Input records below:

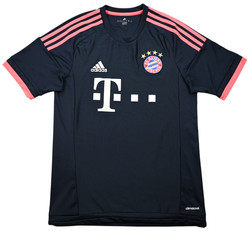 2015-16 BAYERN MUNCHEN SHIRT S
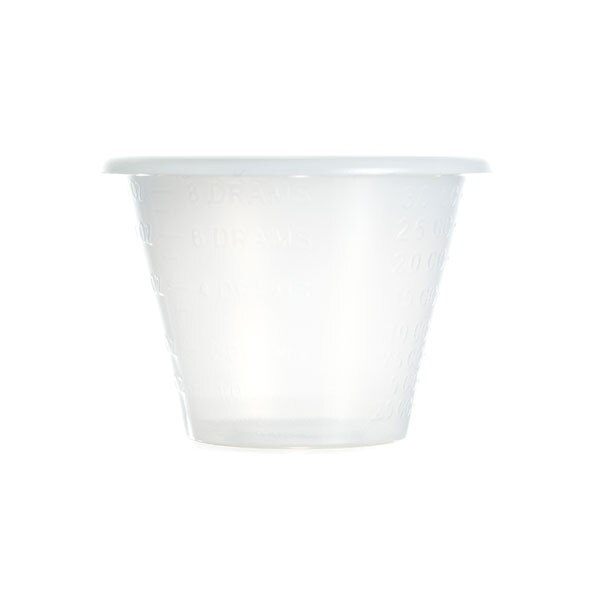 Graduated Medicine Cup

End of Input records.
Input records below:

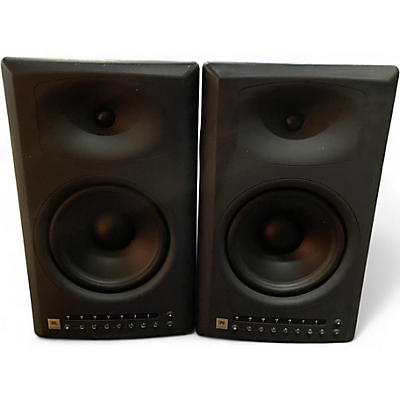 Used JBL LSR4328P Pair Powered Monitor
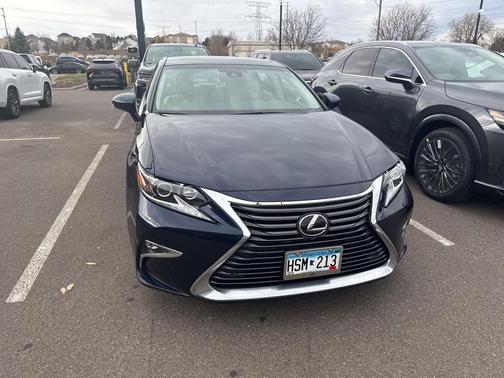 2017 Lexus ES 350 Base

End of Input records.

Your instructions>
Return exactly the lines of the material above, starting at the line containing "2015-16 BAYERN MUNCHEN SHIRT S" and finishing at the line containing "Graduated Medicine Cup", without any pictures.

Reply to the task>
 2015-16 BAYERN MUNCHEN SHIRT S
 Graduated Medicine Cup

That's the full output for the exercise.